How the “Wyzenbeek Test” works:
But Most Importantly: Take Care Of Your Tent
I can’t stress this enough. The way you treat your tent has the most impact on its durability. You can have a beast of a tent, if you don’t care for it, it will never reach its potential.
So here are a few tips to increase your tent’s longevity:
- Don’t pitch your tent on sharp stones and sticks.
- Protect the floor of your tent with a groundsheet or footprint.
- Never store a wet tent for more than half a day, or you risk developing mold.
- Take it easy on the zippers. Use both hands, especially when going around corners. Don’t brute-force the zipper when it gets stuck in the fabric. Use a zipper lubricant after every season.
- Make sure there is no dirt in your tent when you pack it up. Don’t wash the tent in the washing machine; instead, set it up in the backyard and sponge it off with a non-detergent wash.
- Take care of your poles. Make sure the ends of the pole sections are not banging together when pitching your tent. Don’t overstress your poles and clean them prior to storage.
- Don’t walk in a tent with your crampons or ice cleats on.
- At home, store your tent in a larger bag.
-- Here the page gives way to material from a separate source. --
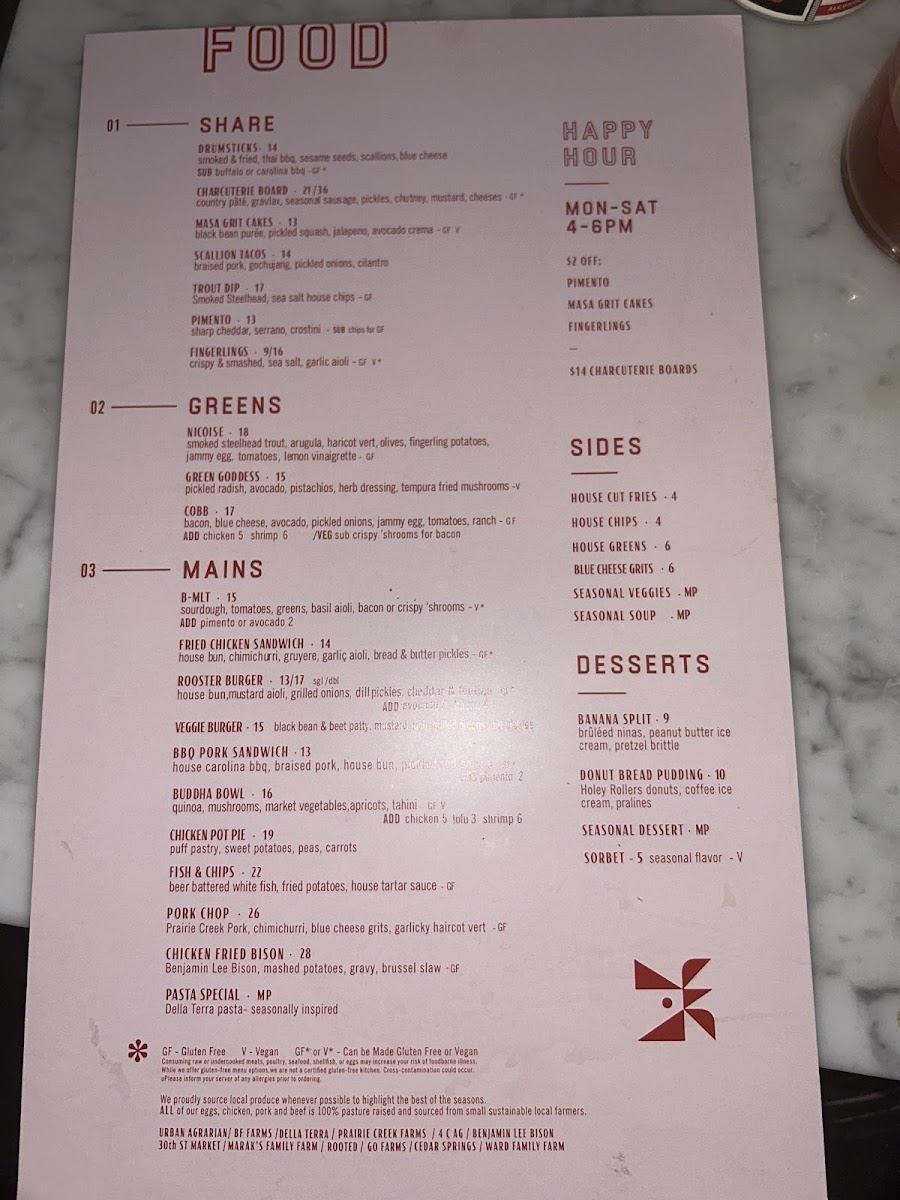 Red Rooster gluten-free menu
Leave it open so that the tent can breathe.
- Limit UV exposure to prevent UV damage. This one is very important, especially when your tent is made of a fabric vulnerable to UV. Either pitch your tent in the shade, disassemble it at the beginning of each day, hang a tarp over your tent, pitch your tent underneath a cheap party tent or treat your tent with a solarproof spray as explained in the video below:
Let’s Wrap Things Up
Determining the quality of your tent can be tricky. We’ve discussed some indications of a high-quality tent, but most manufacturers don’t provide all the necessary information.
You may need to contact the brand and ask about the zippers, the number of threads, or how their fabric performs in the Wyzenbeek Test.
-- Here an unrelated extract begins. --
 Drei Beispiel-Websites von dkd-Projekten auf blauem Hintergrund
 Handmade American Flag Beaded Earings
Other indications, such as the fabric or tent pole material, are usually shared with the public, so be sure to look for a tent that comes out strong on those aspects.
Fortunately, there’s no reason to get to the bottom of every tent, because you can rely on high-end brands like MSR or Alps Mountaineering. These guys have made a name for themselves and you know exactly what quality you’re going to get.
But remember that a high-quality tent can wear out pretty quickly if you neglect it. So take good care of your tent with the above tips and you can expect your tent to last a decade.